Con Marcato si parla anche di tattica. Durante la scalata ci si chiedeva se quel ritmo regolare impostato da Almeida non favorisse Vingegaard. Ma a quanto pare era tutto studiato.
«La tattica era questa – spiega Marcato – Joao è un regolarista e bisognava evitare che uno scalatore puro come Jonas potesse scattare, così abbiamo deciso di impostare un passo forte. Poco importava se l’altro restava a ruota, perché su quelle pendenze e con quelle velocità la scia conta poco. E’ stata una scelta che alla fine ha pagato.


«Vuelta riaperta? Per noi non era mai stata chiusa. Ora il distacco tra i due è di 46” e restano molte tappe dure fino a Madrid. Ci proveremo ancora, ma bisogna fare i conti con le energie rimaste».

Pellizzari intanto rafforza la sua maglia bianca (+32″ su Riccitello).
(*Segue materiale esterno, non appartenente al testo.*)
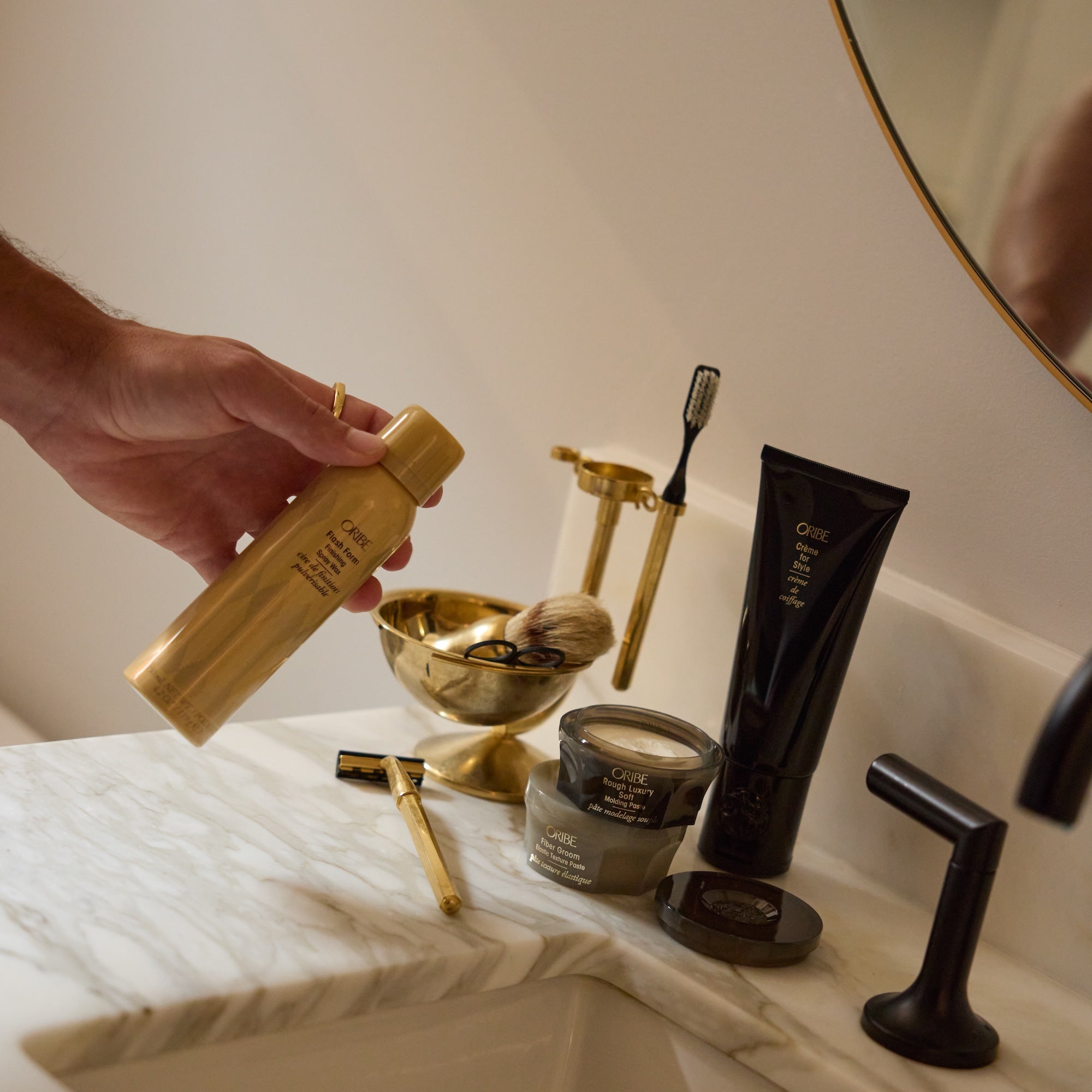 Oribe Flash Form Finishing Spray Wax - Oribe Hair Care - Image 3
E’ sesto all’arrivo e sesto nella generale
Pellizzari intanto rafforza la sua maglia bianca (+32″ su Riccitello). E’ sesto all’arrivo e sesto nella generale

Il bilancio delle energie

E con questa frase Marcato apre un altro capitolo: quello delle energie, che già avevamo accennato. In teoria il bilancio dovrebbe pendere a favore del portoghese, che ha lasciato il Tour quasi subito. Un dato però non va perso nell’analisi della scalata: il recupero di Hindley e Kuss nel finale, segno che davanti erano stanchi.
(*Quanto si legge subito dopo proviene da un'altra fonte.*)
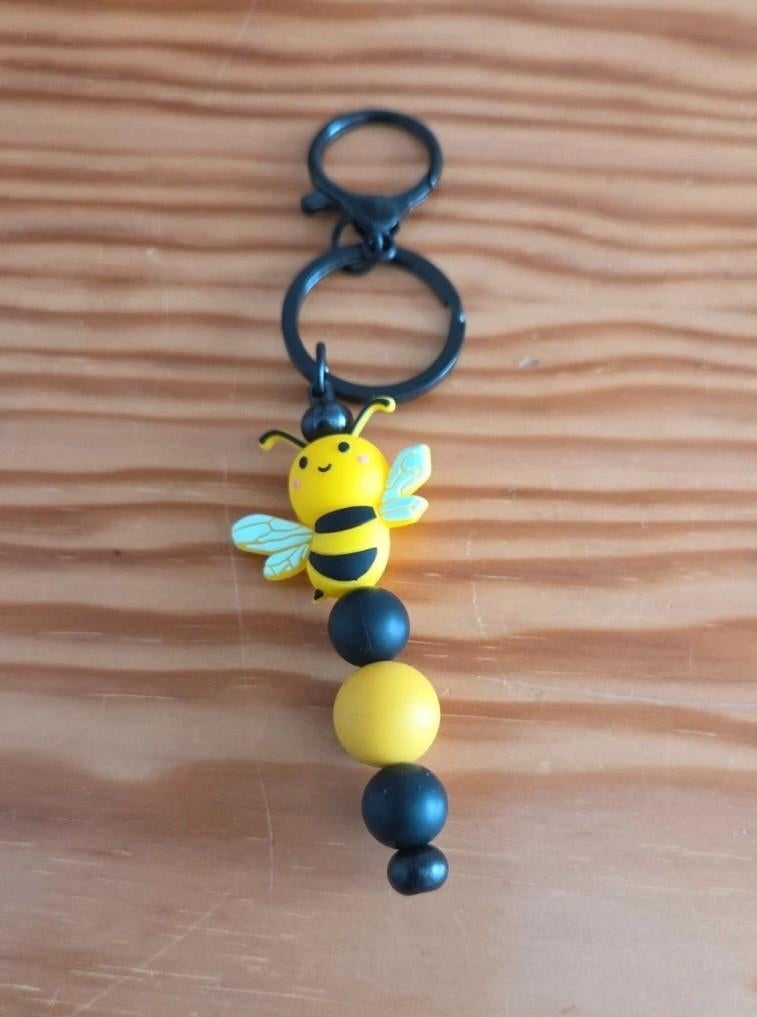 Leuke sleutelhanger met bijtje en kralen, Ophalen of Verzenden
«Eh – sospira Marcato – l’idea è quella, ma finora non si è visto questo calo da parte di Vingegaard. E’ vero però che oggi anche lui ha faticato, altrimenti avrebbe attaccato. Bisogna stare attenti, perché una salita finale come quella di domani è più adatta a uno come Jonas.
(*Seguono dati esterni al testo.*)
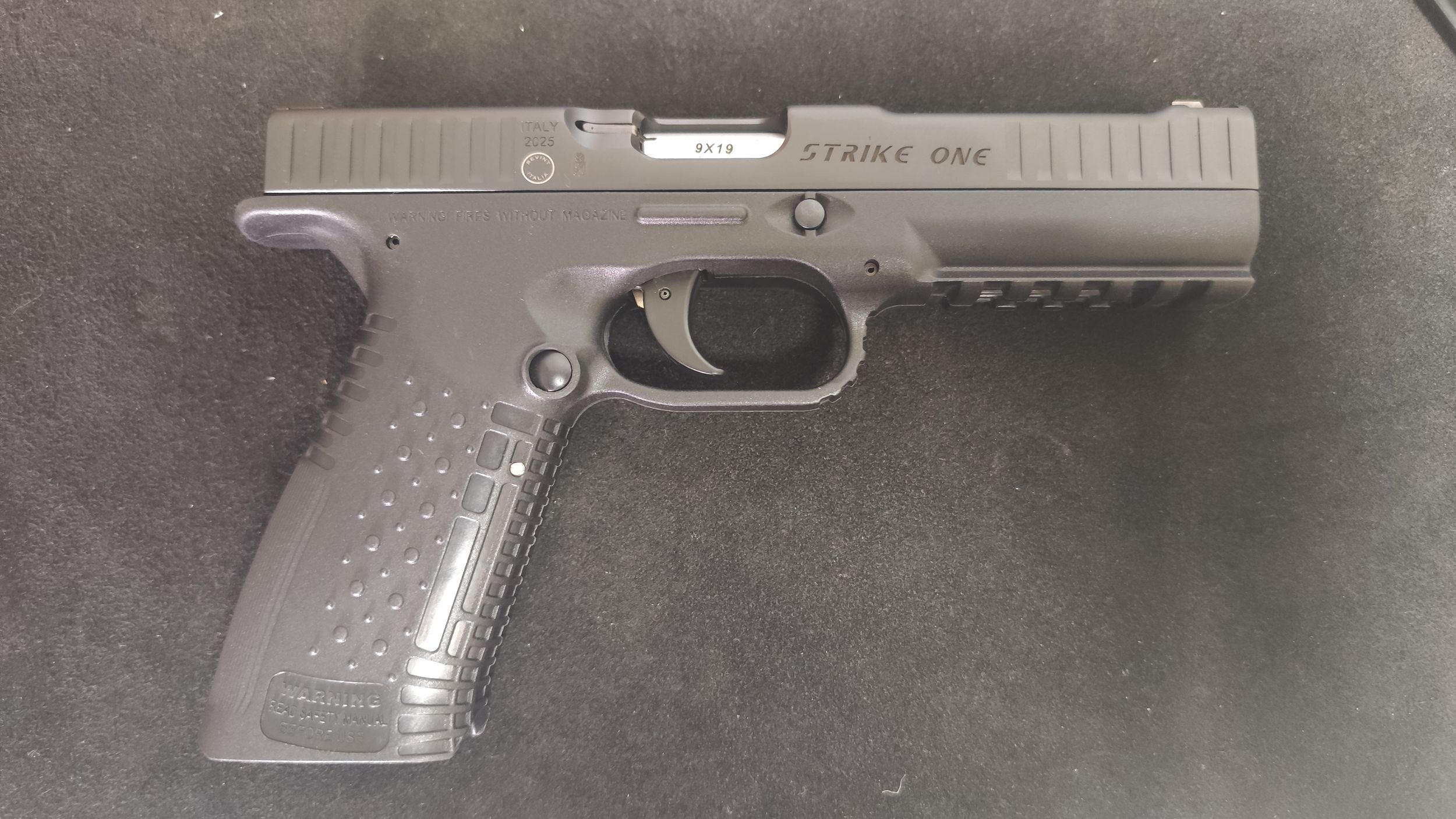 Arsenal Strike One standard  9x19, foto 6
«Noi andiamo avanti per la nostra strada. Voglio sottolineare il lavoro dei ragazzi, da Novak a Grossschartner, da Vine a Oliveira… tutti. Stamattina eravamo tutti per Joao. Pressione non ne avevamo: in classifica eravamo messi bene e avevamo già vinto cinque tappe. Però abbiamo fatto bene quel che dovevamo, in particolare prima dell’Angliru, quando abbiamo preso davanti la tecnica discesa del Cordal per portarlo al meglio ai piedi della salita. Poi il resto lo ha fatto Almeida, che ci ha messo gambe e cuore».